Also unfortunate was not having an older sibling—someone a year or two ahead who could hand down intel like sacred scrolls. Without that insider knowledge, I had to fake it. Pretend I knew things I didn’t. Having sex was cool. Having no sex was not cool. Having too much sex was also not cool.
I’m not sure why my mind wandered back here—to the endlessly shifting rules, the desperate desire to please, to be pleasing. However much I liked myself, however much I thought I “knew who I was,” it was hard. Often impossible.
Stepping into the cedar-scented greenhouse next door at my sister-in-law’s—the eight sliding, black-trimmed windows on each side, the fan that whirs on when the inside reaches a certain temperature, and the four eight-foot-long tables with shelves below—got my juices flowing.
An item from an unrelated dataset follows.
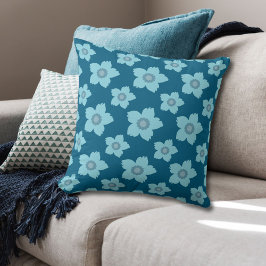 Blauwe bloemen op blauwe achtergrond kussen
I wanted something big too. Within the hour, I was researching telescopes in the thousands.
I don’t want to see Saturn blurry; I want to see it like it’s the moon, with all of its moons.
I hate talking about money and how much things cost. Seated cross-legged in the middle of the yard, picking acorns and dropping them into a five-gallon bucket, Evelyn sat nearby, dragging a stick through the dirt. She asked me how much money we had. I told her, and she said, “That’s a lot.” I agreed, then thought about being five—when a thousand dollars might as well have been a billion.
But anyway, I told her not to talk about it with other people. Then struggled to tell her why. Something about how we all have different amounts, and that it’s okay, but it’s only something we talk about in our family. And then, right there in the dirt, I wondered—am I a bad mom?
That question—am I a bad mom, or how can I do better—meets me around every corner. But I’ll just do what I do. And that’ll be enough.